START Extracted entries

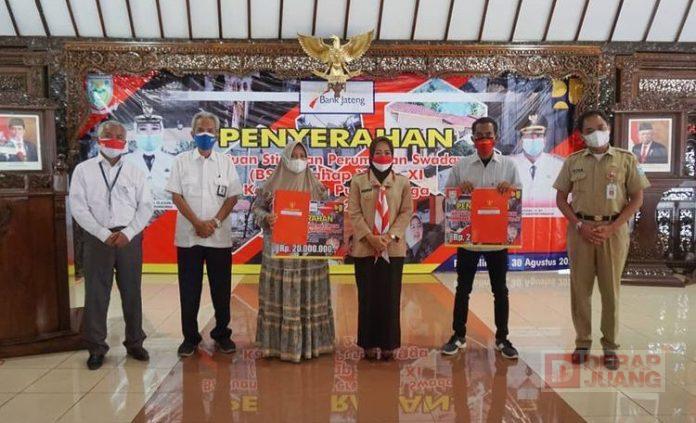 Bupati Tiwi Terima Bantuan Dana BSPS dari Kementerian PUPR(2)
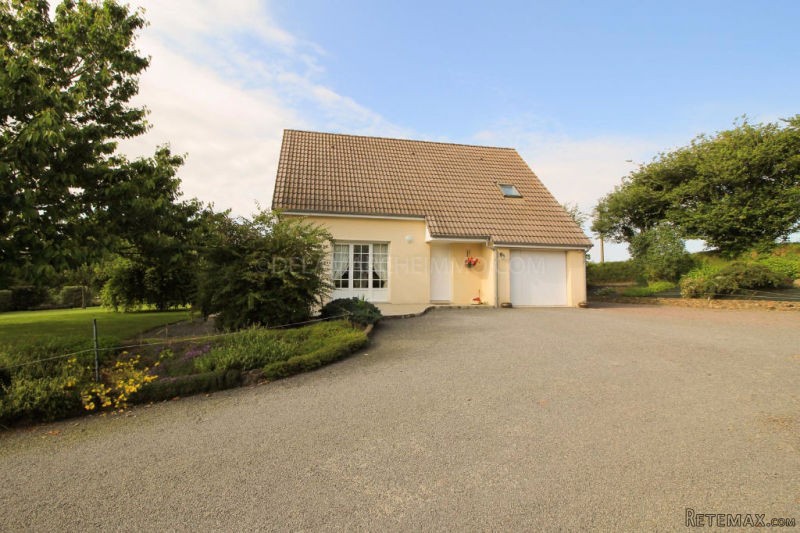 Countryside Villa Set Near The Shops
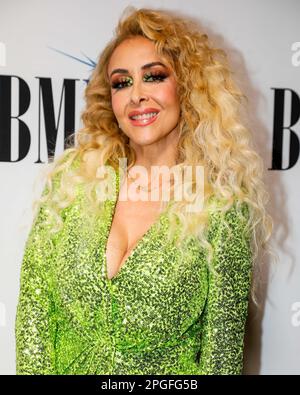 21 marzo 2023, BEVERLY HILLS, CALIFORNIA, USA: CRISTY SOLIS arriva sul tappeto rosso per i 30th premi annuali BMI Latin Awards al Beverly Wilshire Four Seasons Hotel di Beverly Hills, California, il 21 marzo 2023. (Credit Image: © Clutch Pockets Wambli/ZUMA Press Wire) SOLO PER USO EDITORIALE! Non per USO commerciale! Foto Stock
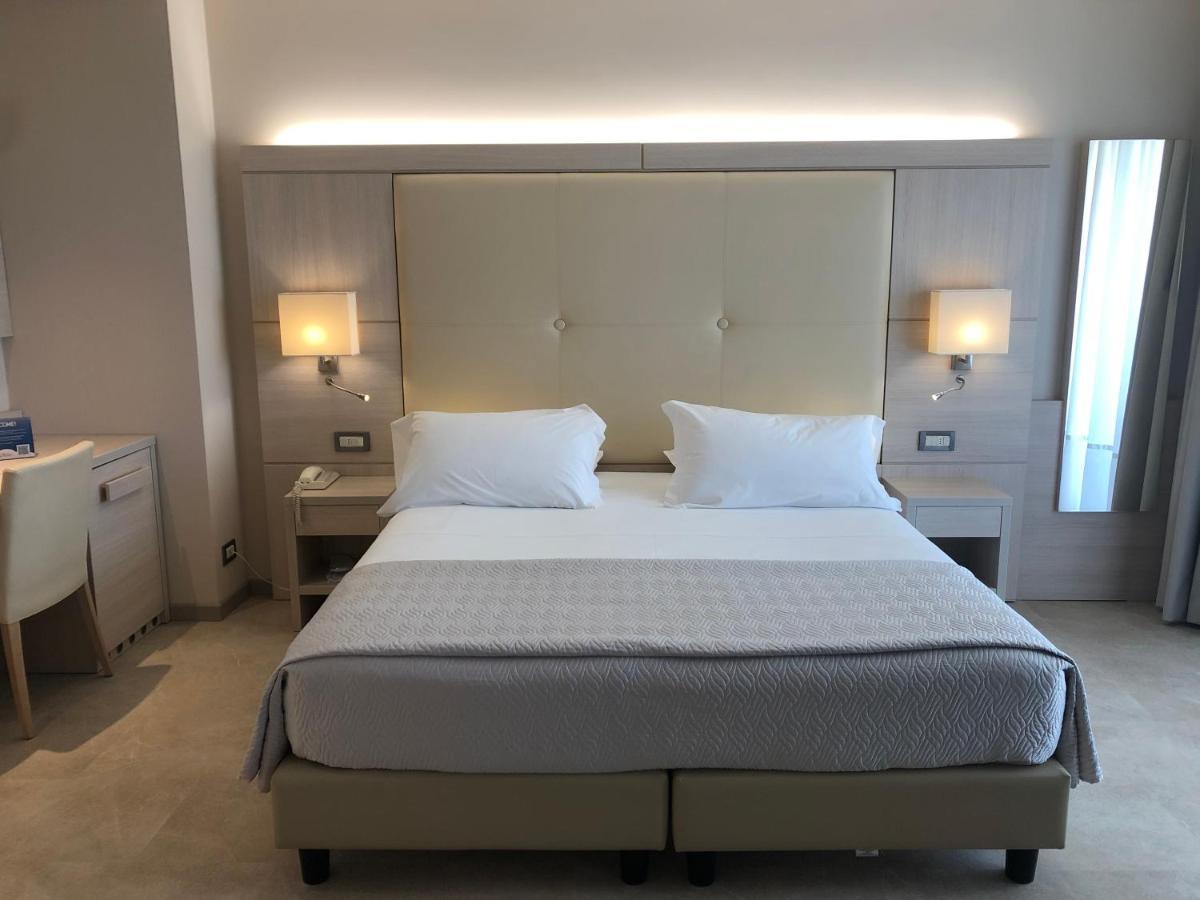 Hotel Croce Di Malta ลินญาโน ซับเบียโดโร ภายนอก รูปภาพ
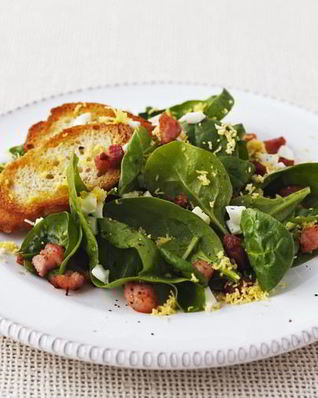 Крутоны — гренки с сыром в яично-молочной смеси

END Extracted entries

> Work instructions
Without including any pictures, repeat the records above exactly.

> Response
 Bupati Tiwi Terima Bantuan Dana BSPS dari Kementerian PUPR(2)
 Countryside Villa Set Near The Shops
 21 marzo 2023, BEVERLY HILLS, CALIFORNIA, USA: CRISTY SOLIS arriva sul tappeto rosso per i 30th premi annuali BMI Latin Awards al Beverly Wilshire Four Seasons Hotel di Beverly Hills, California, il 21 marzo 2023. (Credit Image: © Clutch Pockets Wambli/ZUMA Press Wire) SOLO PER USO EDITORIALE! Non per USO commerciale! Foto Stock
 Hotel Croce Di Malta ลินญาโน ซับเบียโดโร ภายนอก รูปภาพ
 Крутоны — гренки с сыром в яично-молочной смеси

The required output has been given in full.